WHAT YOU SHOULD DO:
Copy, word for word, the lines of the entries below between the one with "HTL Scaffale di" and the one with "Houston Texans™ - Rompecabezas de Madera", inclusive, and leave out everything else.

GIVEN RECORDS:
[Start of Attachment]
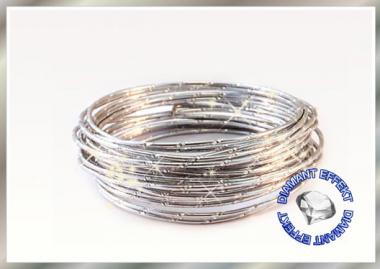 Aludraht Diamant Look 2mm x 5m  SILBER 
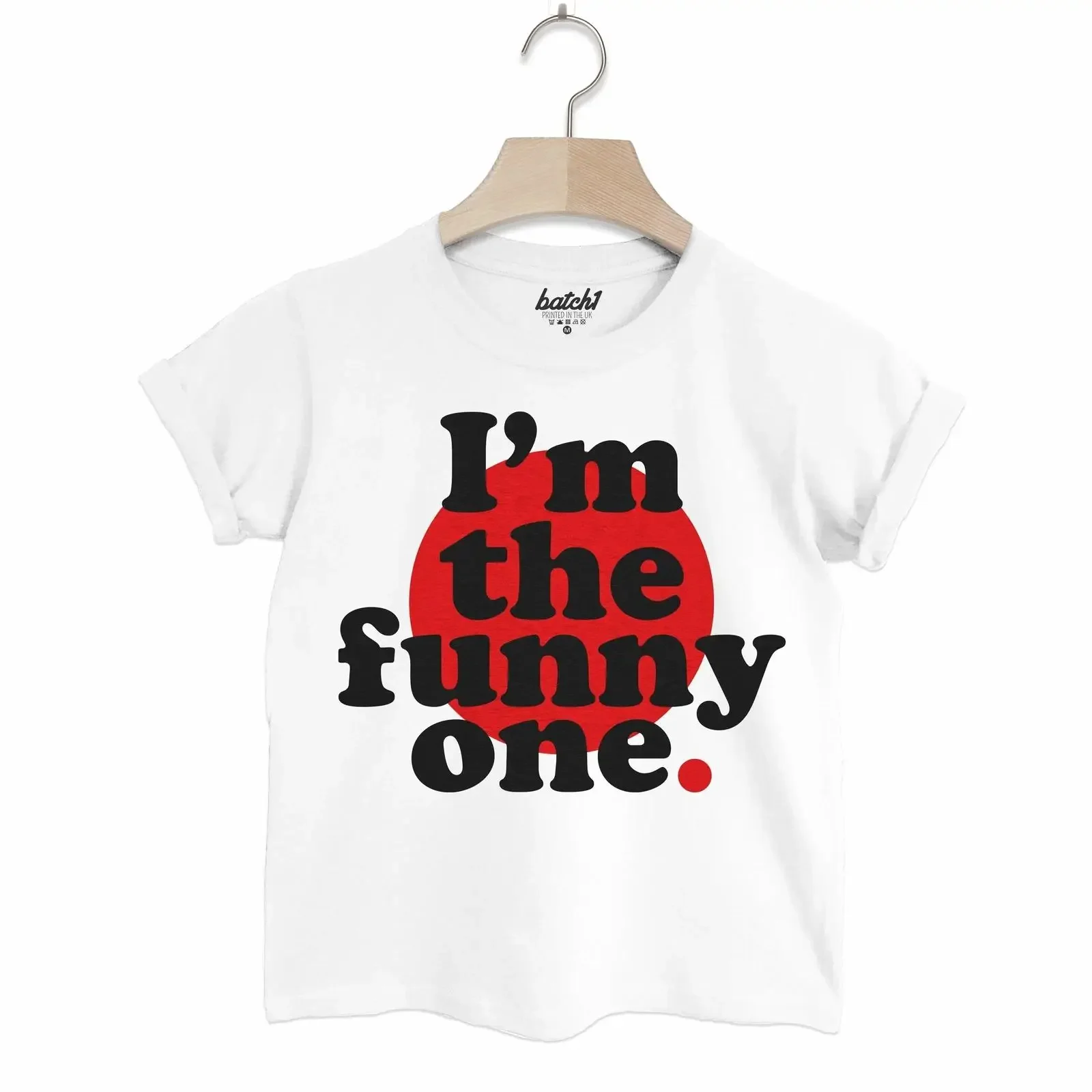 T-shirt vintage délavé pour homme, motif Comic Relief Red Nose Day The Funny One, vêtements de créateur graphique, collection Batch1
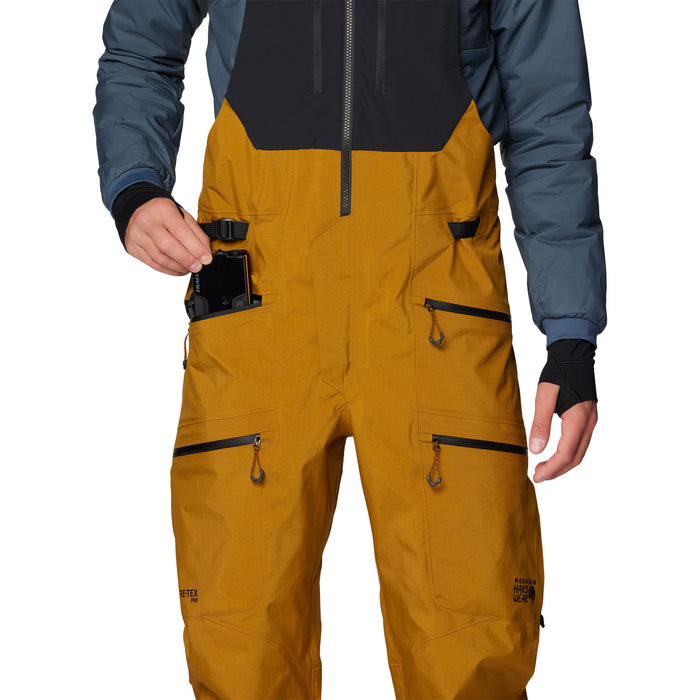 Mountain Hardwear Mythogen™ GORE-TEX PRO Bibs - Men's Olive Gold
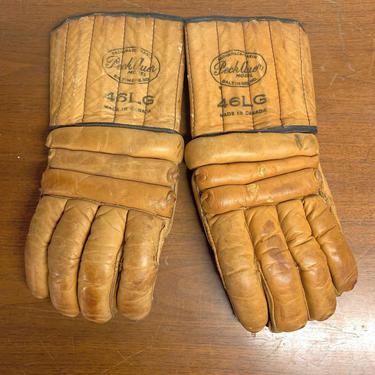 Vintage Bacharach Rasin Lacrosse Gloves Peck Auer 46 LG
[End of Attachment]
[Start of Attachment]
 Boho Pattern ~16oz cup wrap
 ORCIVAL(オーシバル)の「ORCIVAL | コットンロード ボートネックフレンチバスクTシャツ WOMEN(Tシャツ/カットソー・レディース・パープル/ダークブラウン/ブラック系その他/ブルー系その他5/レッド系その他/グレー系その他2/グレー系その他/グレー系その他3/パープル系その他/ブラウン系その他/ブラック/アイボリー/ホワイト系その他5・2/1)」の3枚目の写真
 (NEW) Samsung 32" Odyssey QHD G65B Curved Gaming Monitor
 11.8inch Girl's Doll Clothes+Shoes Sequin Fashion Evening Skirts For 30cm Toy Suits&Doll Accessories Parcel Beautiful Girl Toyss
[End of Attachment]
[Start of Attachment]
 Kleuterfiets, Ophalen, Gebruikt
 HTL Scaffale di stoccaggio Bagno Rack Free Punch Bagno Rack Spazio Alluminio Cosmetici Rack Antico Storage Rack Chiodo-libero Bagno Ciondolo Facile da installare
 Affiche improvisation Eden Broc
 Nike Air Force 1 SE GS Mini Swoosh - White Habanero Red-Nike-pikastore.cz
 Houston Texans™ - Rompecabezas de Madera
[End of Attachment]
ANSWER AREA:
 HTL Scaffale di stoccaggio Bagno Rack Free Punch Bagno Rack Spazio Alluminio Cosmetici Rack Antico Storage Rack Chiodo-libero Bagno Ciondolo Facile da installare
 Affiche improvisation Eden Broc
 Nike Air Force 1 SE GS Mini Swoosh - White Habanero Red-Nike-pikastore.cz
 Houston Texans™ - Rompecabezas de Madera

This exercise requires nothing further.